Parallelism: across partitions (independent). Within a partition: per-kmer probing is sequential across layers but different kmers are independent.
### Aggregation — `→ Accumulator`
For operations that traverse all kmers (distance, presence matrix, global counts):
```
result = reduce(
for p in partitions: // parallel
for l in layers(p): // parallel
partial(DataStore_p_l)
)
```
Each `(partition, layer)` contributes an independent `Partial`. Global result = `reduce(all partials)`.
---
## Aggregator pattern
```rust
trait Aggregator<D: DataStore> {
type Partial: Send;
type Result;
fn partial(&self, store: &D) -> Self::Partial;
fn reduce(&self, parts: impl Iterator<Item=Self::Partial>) -> Self::Result;
}
```
Concrete aggregators:
| Aggregator | `Partial` | `Result` |
|---|---|---|
| `BrayCurtis(i, j)` | `(sum_min, sum_a, sum_b): (u64, u64, u64)` | `f64` |
| `Jaccard(i, j)` | `(inter, union): (u64, u64)` | `f64` |
| `Hellinger(i, j)` | `(sum_sqrt_prod, sum_a, sum_b): (f64, f64, f64)` | `f64` |
| `DistanceMatrix(metric)` | `n×n partial matrix` | `n×n f64 matrix` |
| `PresenceQuery(kmer)` | — | routed to point query |
The `partial` for `BrayCurtis(i, j)` on a `PersistentCompactIntMatrix` with columns i and j already exists as `PersistentCompactIntVec::partial_bray_dist` — it needs to be lifted to the column-pair level on the matrix.
---
## Parallelism model
| Level | Unit | Coordination |
|---|---|---|
| Across partitions | `LayeredPartition` | none — fully independent |
| Across layers (aggregation) | `(partition, layer)` pair | none — disjoint kmer sets |
| Within a layer (point query) | n/a — single layer per kmer | n/a |
| DataStore derivation | one `(partition, layer)` per task | none |
The dispatch model: `PartitionedIndex::aggregate(aggregator)` fans out over partitions (rayon `par_iter`), each partition fans out over its layers, collects partials, then a top-level `reduce` combines.
---
## DataStore derivation
Because the `MphfLayer` is independent of its data stores, new stores can be derived from existing ones without rebuilding the MPHF:
```
// count → presence/absence, parallel across (partition, layer)
for (p, l) in all_partition_layer_pairs().par_iter():
count_store = open PersistentCompactIntMatrix at (p, l)
presence_store = PersistentBitMatrix::from_count_matrix(count_store, threshold, dir)
attach presence_store to MphfLayer(p, l)
```
Other derivations:
- Threshold a count matrix → binary presence matrix
- Union two presence matrices (same MPHF, different samples)
- Merge two count matrices (saturating add, column-wise)

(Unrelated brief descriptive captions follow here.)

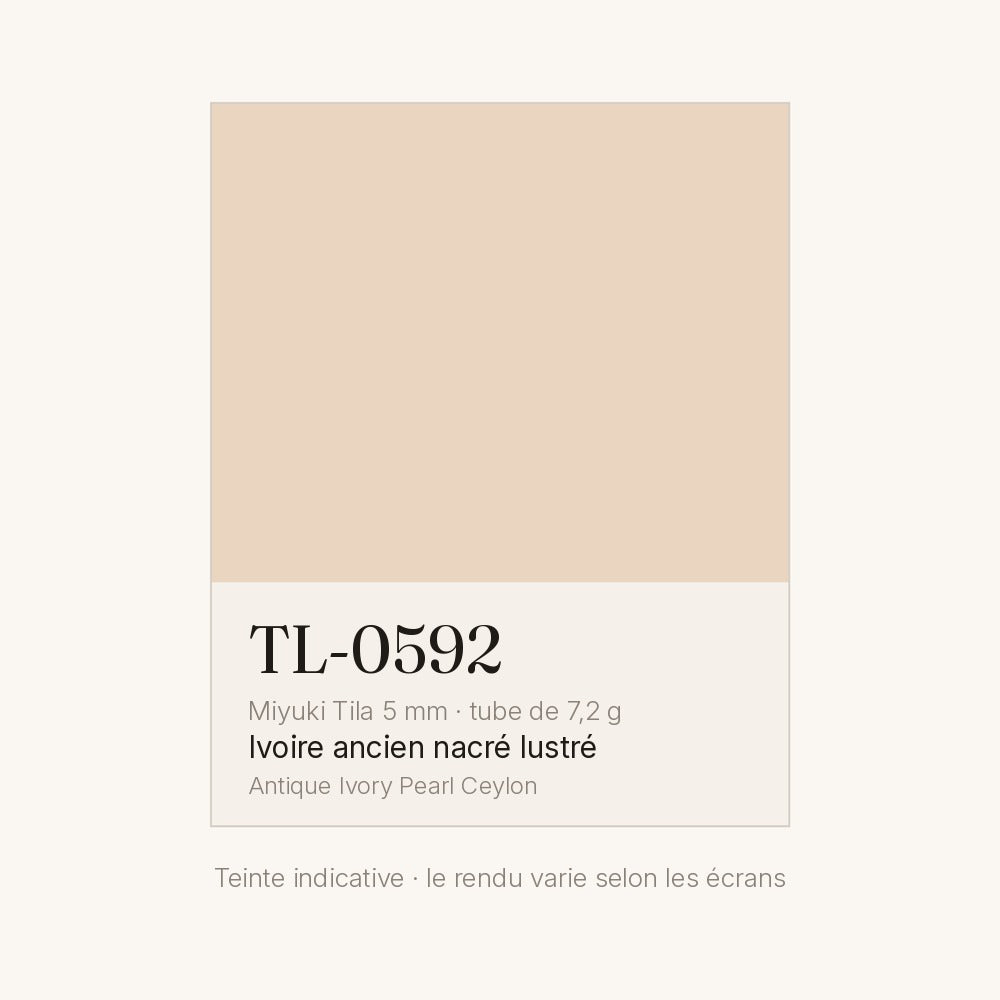 Nuancier de la teinte ivoire ancien nacré lustré Miyuki Tila 5 mm TL-0592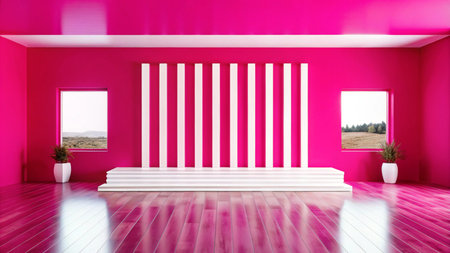 Minimalist pink room interior with a white stage and two windows.の素材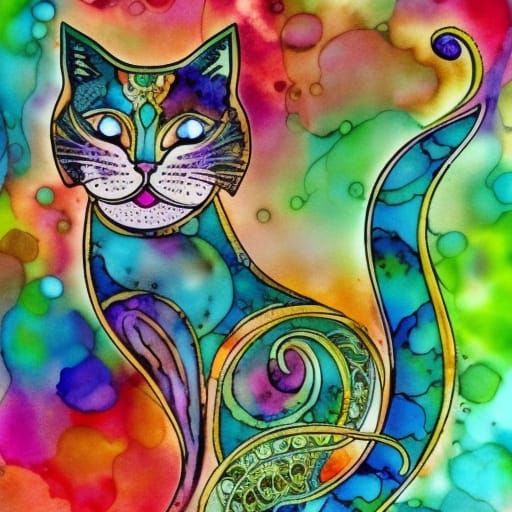 Cat Mermaid Alcohol Ink Art Nouveau Painting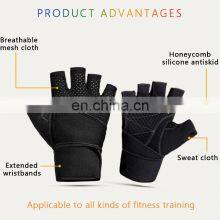 Hot Selling Silicone Anti-slip Manly Fitness Weight Lifting Gym Gloves With Wrist Wraps thumbnail-3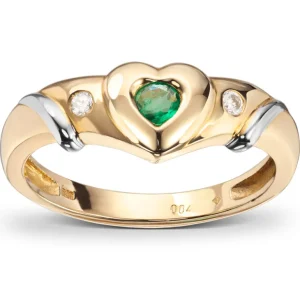 Smaragd ring hjerte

All derivations are local to a `(partition, layer)` pair and fully parallelisable.
---
## Relationship to current implementation
The current `obilayeredmap` crate implements a subset of this architecture. Key divergences:
- `Layer<D: LayerData>` fuses `MphfLayer` and one `DataStore` into a single generic type. Multiple data stores on the same MPHF are not supported.
- `LayerData::open(dir)` embeds the path convention (`counts/`, `presence/`) inside the store type, preventing the `PartitionedIndex` from managing paths externally.

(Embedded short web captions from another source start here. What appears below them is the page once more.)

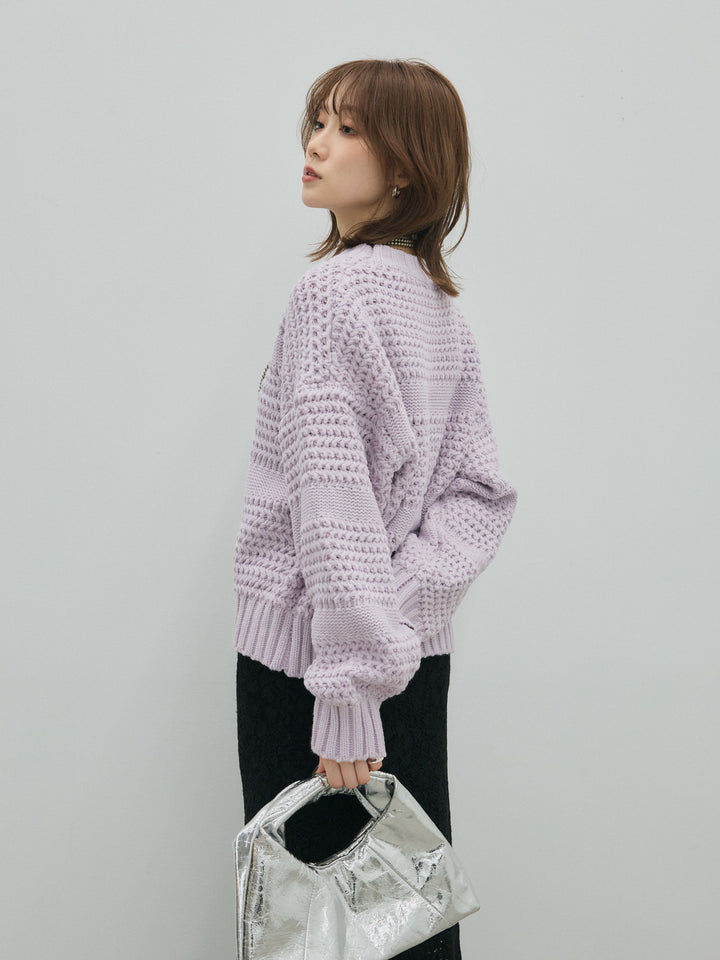 【Allure】[SET]ライン編みニットプルオーバー+起毛レースストレッチナロースカート(2set)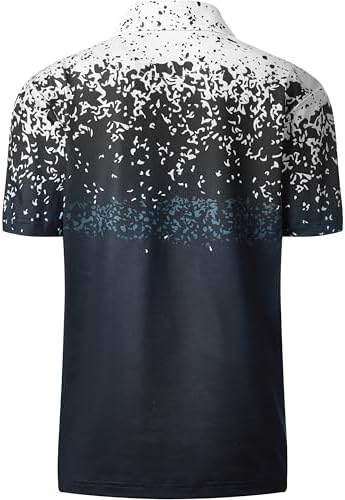 Mens Golf Shirt Short Sleeve Dry Fit Print Moisture Wicking Performance - Image 3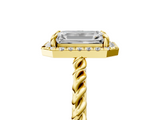 Yellow gold Emerald Halo Twisted Band Four-Prong Diamond Ring_25
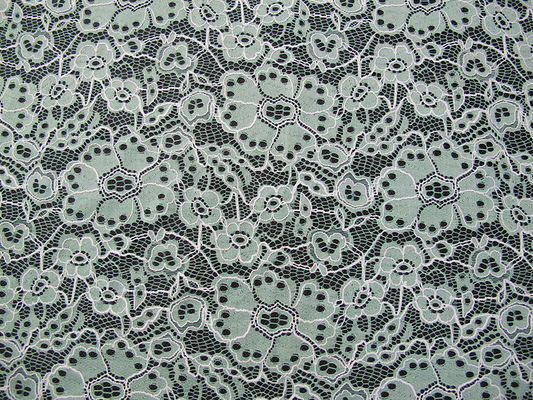 Kundenspezifisches dauerhaftes Baumwollnylon gesticktes Spitze-Gewebe-Grün-Blumen-Muster
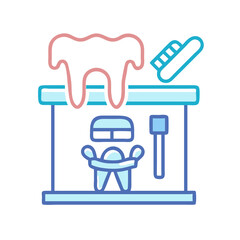 Dental Clinic Colorful Outline Icon on Black Background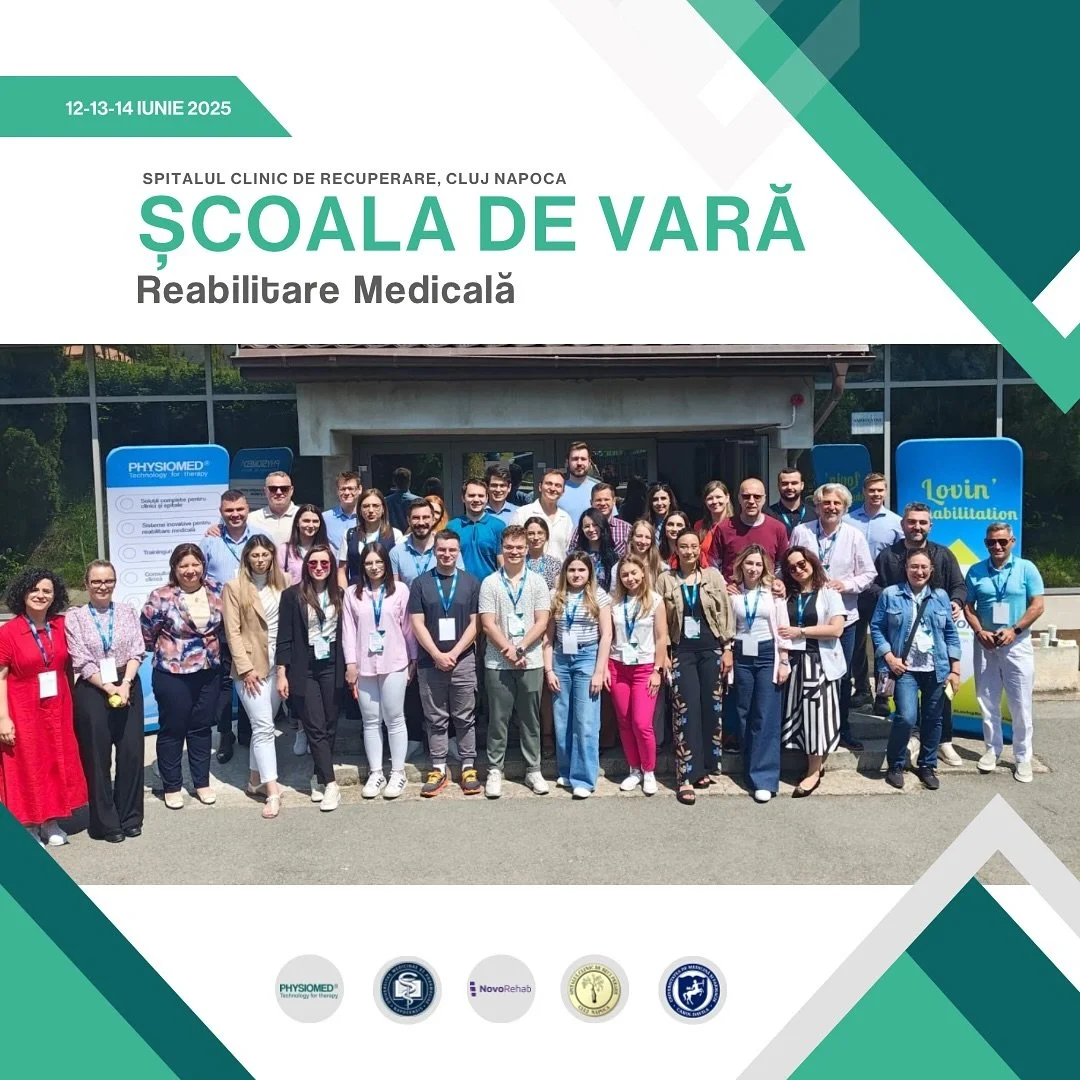 Group of people standing outside a medical rehabilitation clinic during a summer school event in June 2025.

- The `Aggregator` pattern is not yet implemented; partial distance methods exist on `PersistentCompactIntVec` but are not composed across layers and partitions.
- No `PartitionedIndex` type exists; `LayeredMap` is a single-partition structure.
Planned refactoring:
1. Extract `MphfLayer` from `Layer<D>` as an autonomous type.
2. Replace `LayerData` trait with `DataStore` trait (no path knowledge).
3. Implement `LayeredPartition` that holds `Vec<MphfLayer>` and attaches data stores externally.
4. Implement `PartitionedIndex` with parallel dispatch and the `Aggregator` pattern.